Perhaps the most aesthetically displeasing problem with an Oxford comma-less sentence is a list containing merely three words. “Bananas, apples and oranges” appears inherently incorrect because the words clearly aren’t receiving equal attention. However, you might never have considered that there could be a problem of practicality to this inferior structure as well.
Transition! As with all fine writers, I prefer to follow adverbs and adverbial phrases with a comma when they come at the beginning of a sentence. “Excitedly, Jeff goes to the store,” in my opinion, looks and sounds better than, “Excitedly Jeff goes to the store.” Considering how diverse and complex adverbial phrases can become, the lack of this comma can result in some immediate confusion.
For example, let’s say that the previous sentence didn’t have that comma: “Considering how diverse and complex adverbial phrases can become the lack of this comma can result in some immediate confusion.” A reader’s mind that is of sound linguistic logic would initially read it as though “diverse and complex adverbial phrases” might become “the lack of this comma,” which doesn’t make sense in any regard. Ignoring this due comma can have even more disastrous consequences when things are even more complex, when adjectives and nouns and such get in each other’s business without some punctuation to keep them in their respective private zones.

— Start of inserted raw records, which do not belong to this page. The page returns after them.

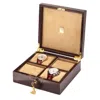 Aspinal Of London Harrison Four Piece Watch Box
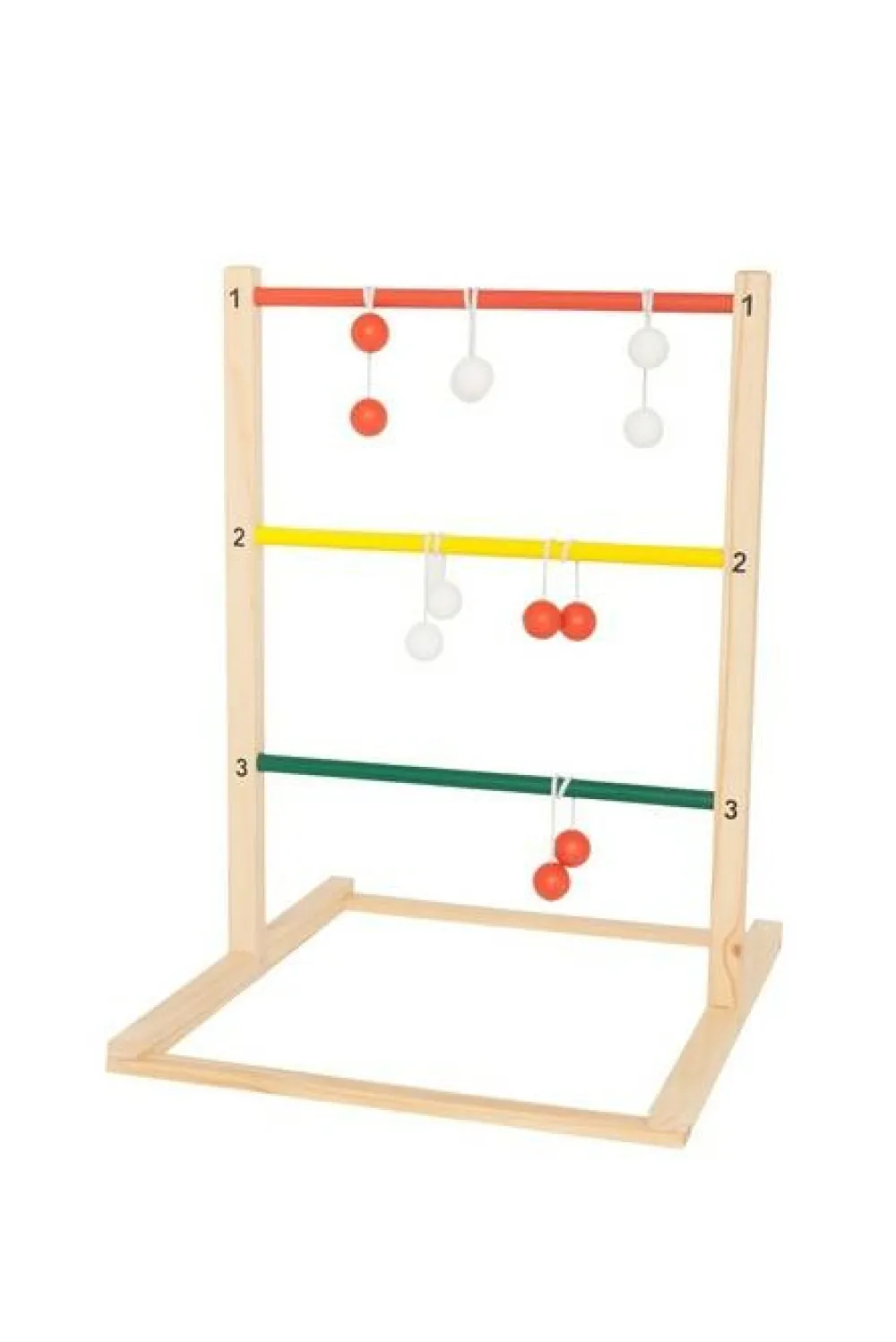 Clearance BS Toys Stigegolf af træ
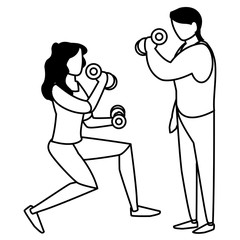 people and sports design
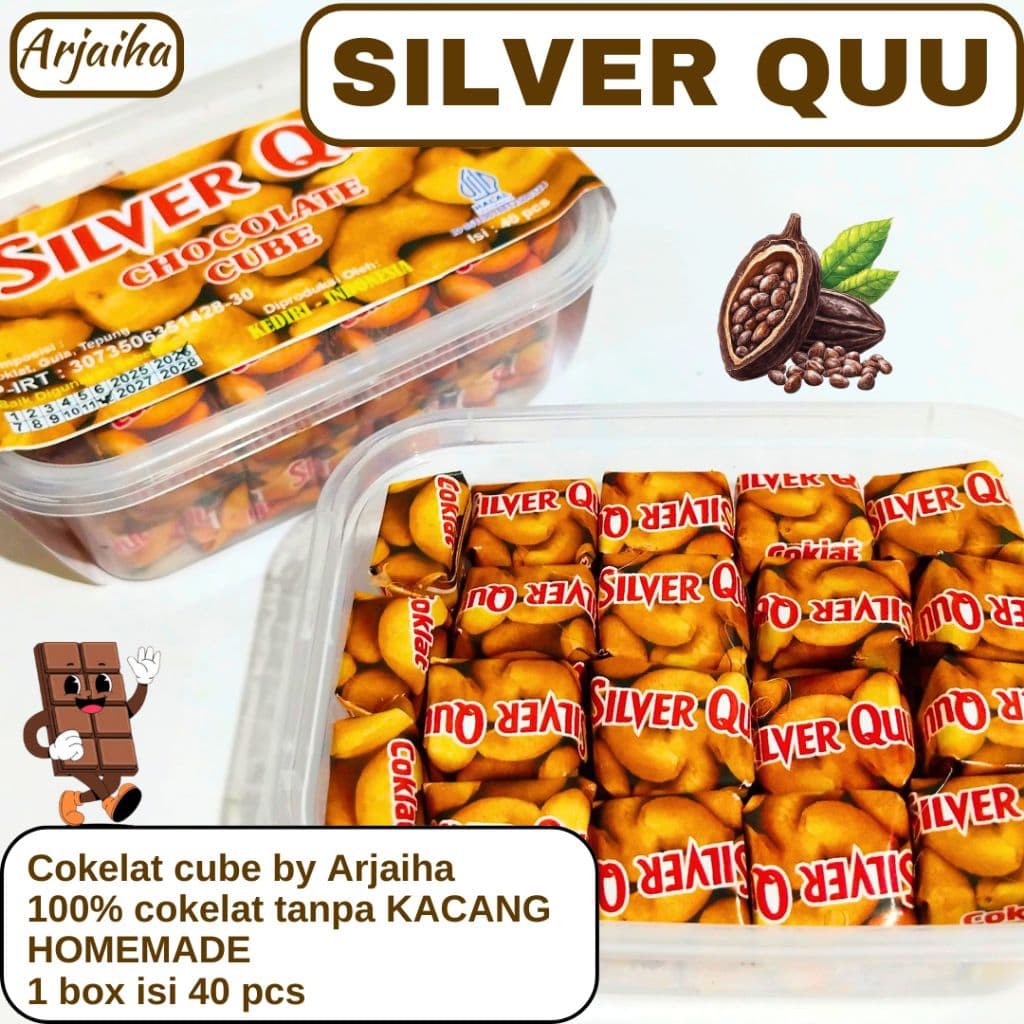 Mengenal Lebih Dekat Cokelat Cube SILVER QUU: Kenapa Padahal Murah, Rasa Premium Banget?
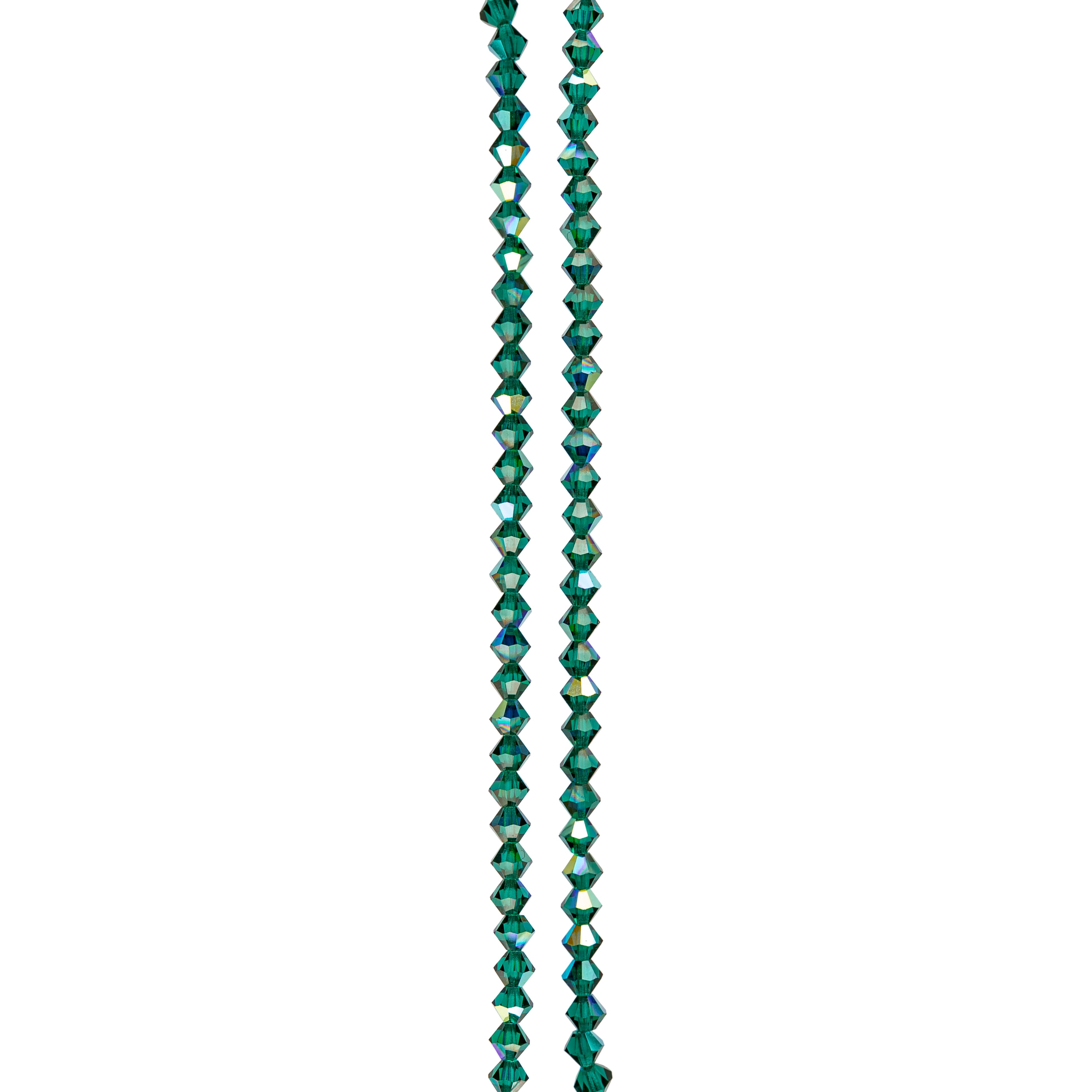 12 Pack: Preciosa® Czech Crystal Bicone Beads, 4mm by Bead Landing™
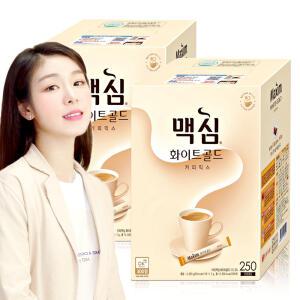 맥심 화이트골드 커피믹스 250T+250T 총500T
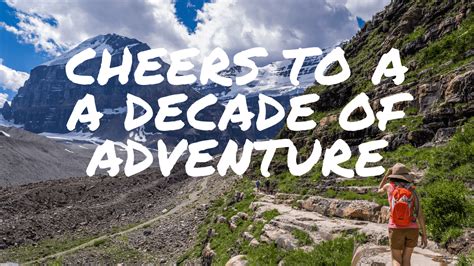 Cheers to a Decade of Adventure & Dreams
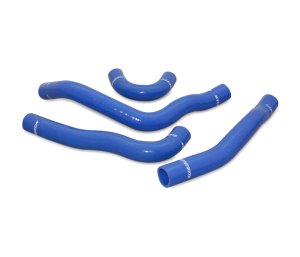 Mitsubishi Lancer Radiator Coolant Hose Kit - Mishimoto - Silicone - Blue - `09-`14
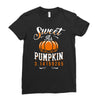 sweet as pumpkin pi Ladies Fitted T-Shirt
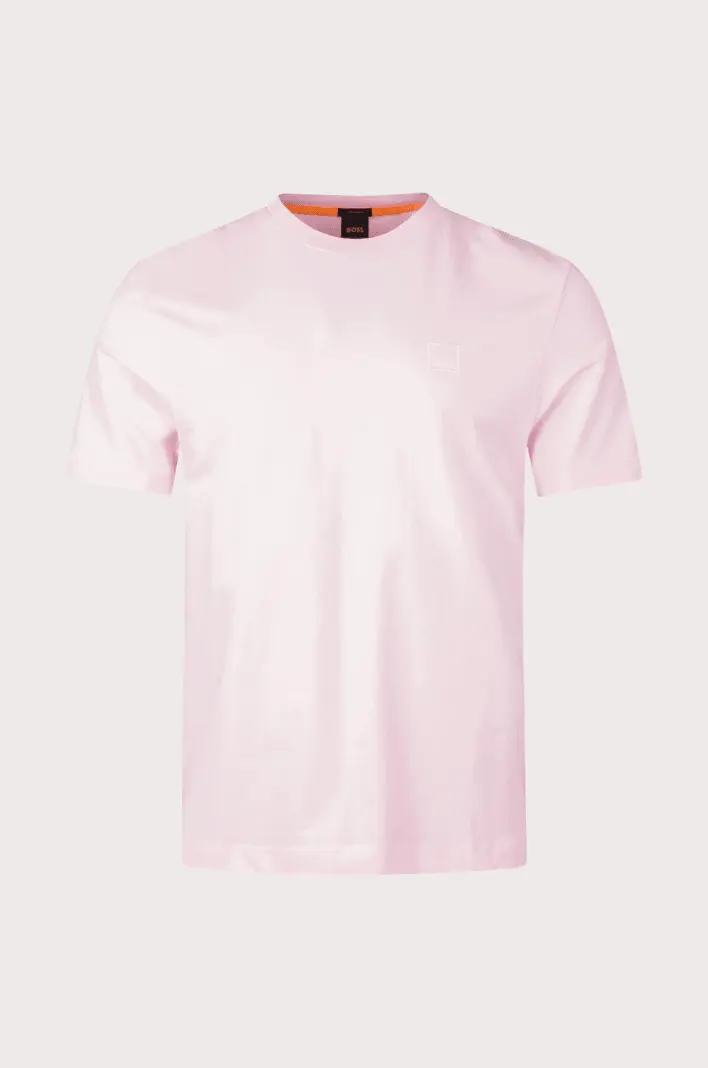 T-Shirt BOSS rose clair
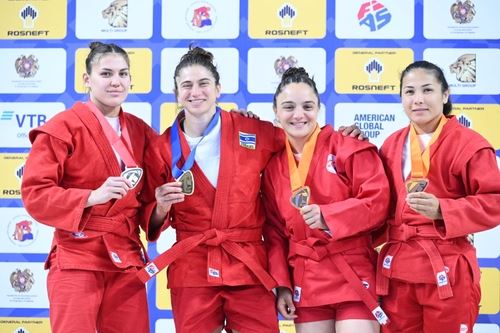 РЕЗУЛЬТАТЫ ПЕРВОГО ДНЯ КУБКА МИРА ПО САМБО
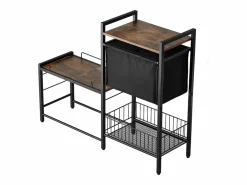Soporte Ajustable para Comederos Elevados para Perros SucceBuy, con Espacio de Almacenamiento y Comederos Elevados^ Best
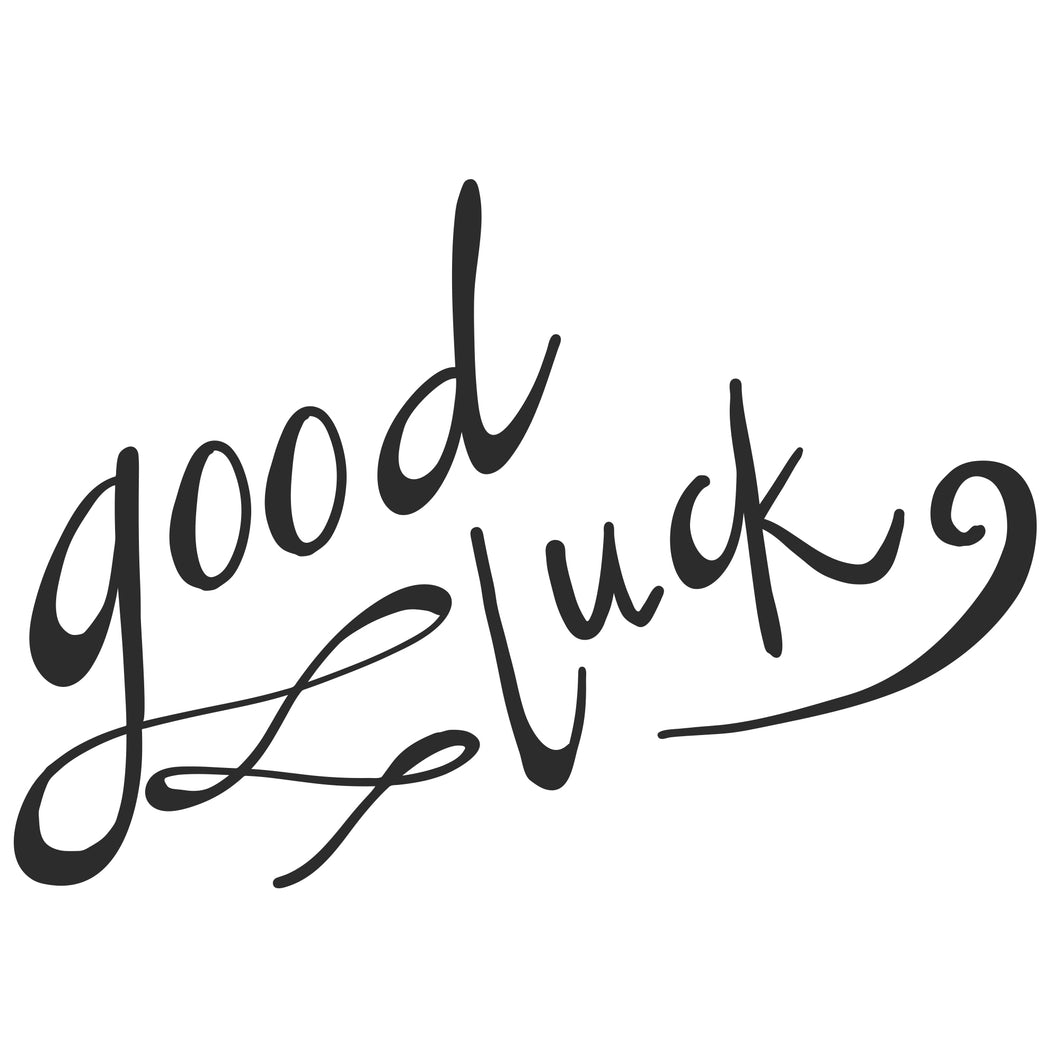 Good Luck - Digital Download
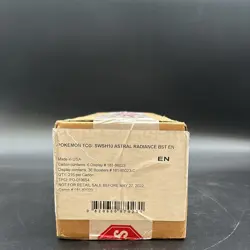 Pokemon TCG SWSH Astral Radiance Booster Box Case SEALED - Image 1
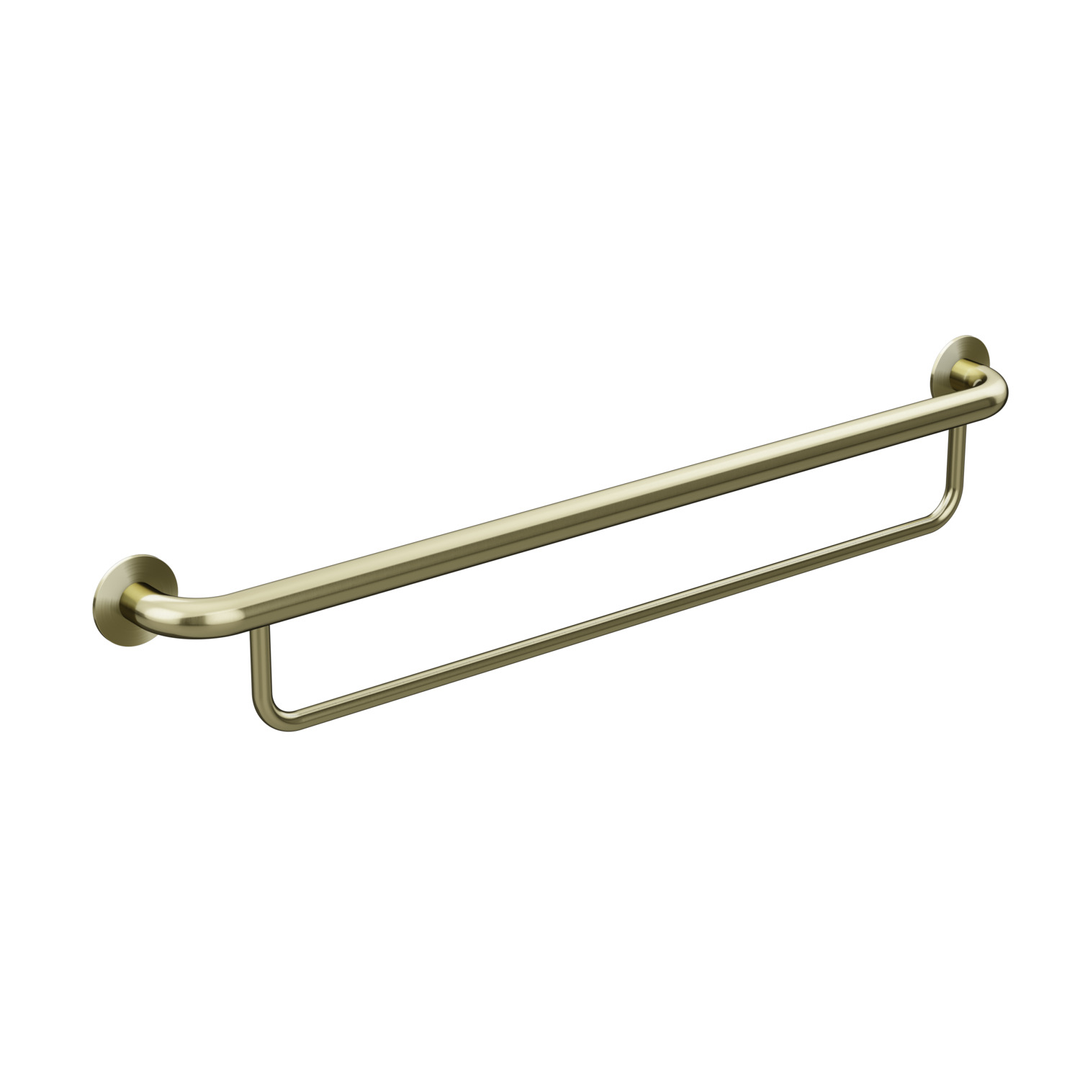 Meir Care Range Bath Towel Rail Tiger Bronze Mcr-Tr75-Pvdbb
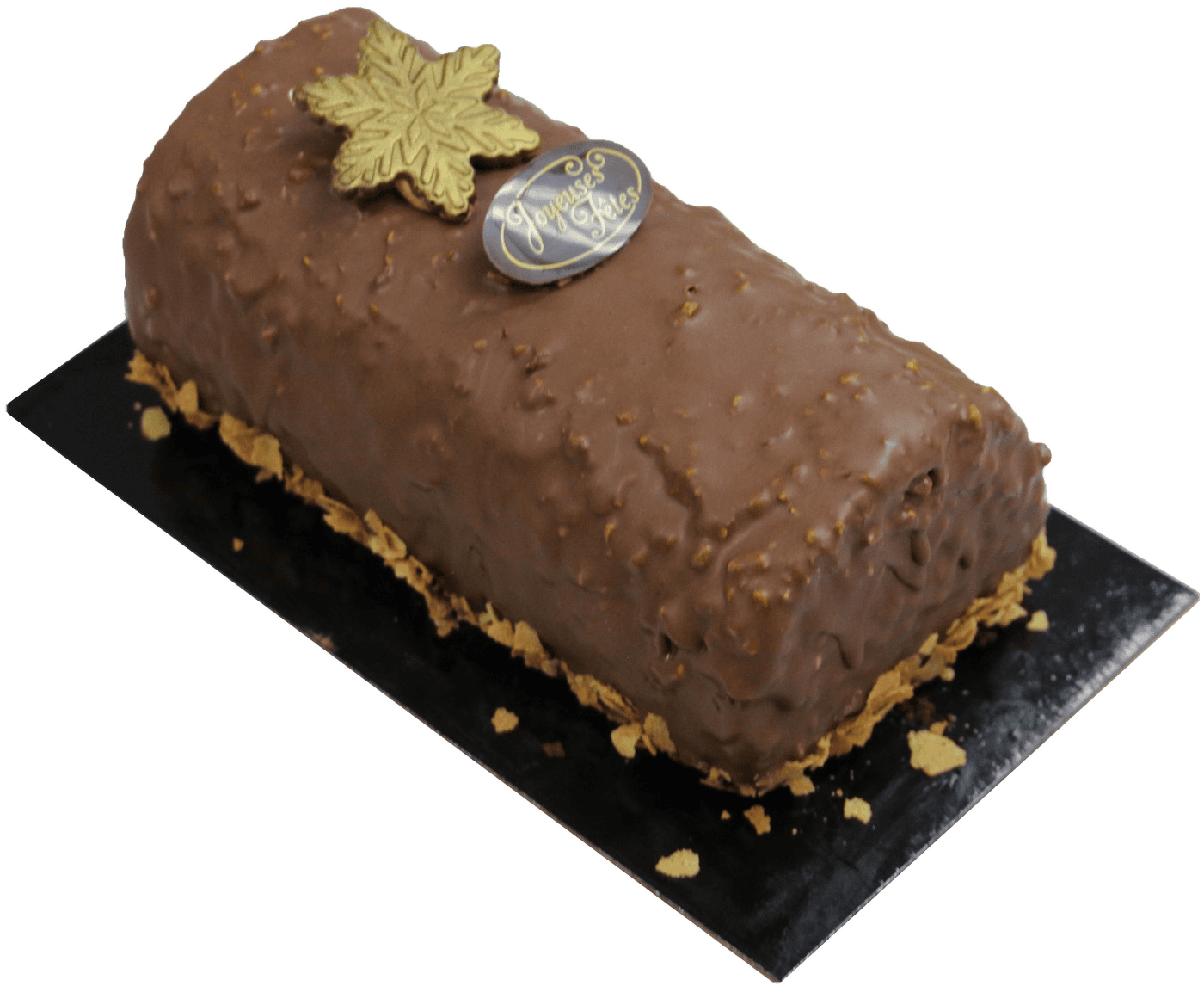 Bûche Le Rocher 7po Le Rocher Log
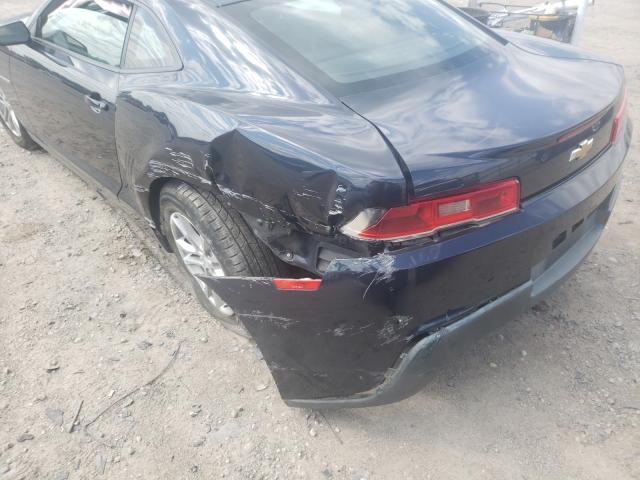 Photo 8 VIN: 2G1FA1E37E9148376 - CHEVROLET CAMARO 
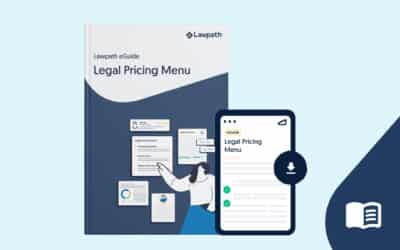 Legal Pricing Menu [Ebook]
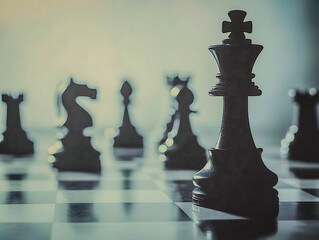 Strategic Chess Moment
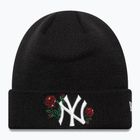 Dámska zimná čiapka New Era Sequin Rose Beanie New Yor Yankees black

In fact, problems can arise in simpler instances as well. Going back to the first example, what if the introductory word were one of those reproachful ones that serve as both adjectives and adverbs? “Fast Jeff goes to the store.” “Fast, Jeff goes to the store.”
Now that I’ve justified this incidental stylistic superiority, consider what dreadful consequences might come about if a three-word grammatical list (without the Oxford comma) were to combine with an adverbial phrase at the beginning of a sentence:
“In the midst of chaos, terror and despair were beacons of hope.”
Huh? Chaos and despair certainly don’t sound like beacons of hope. Let’s fix this.
“In the midst of chaos, terror, and despair were beacons of hope.”
Ahh. There were beacons of hope within all this terror, chaos, and despair, I see.
Then again, terror and despair might be useful if you’re an autocratic ruler whose country is falling into chaos.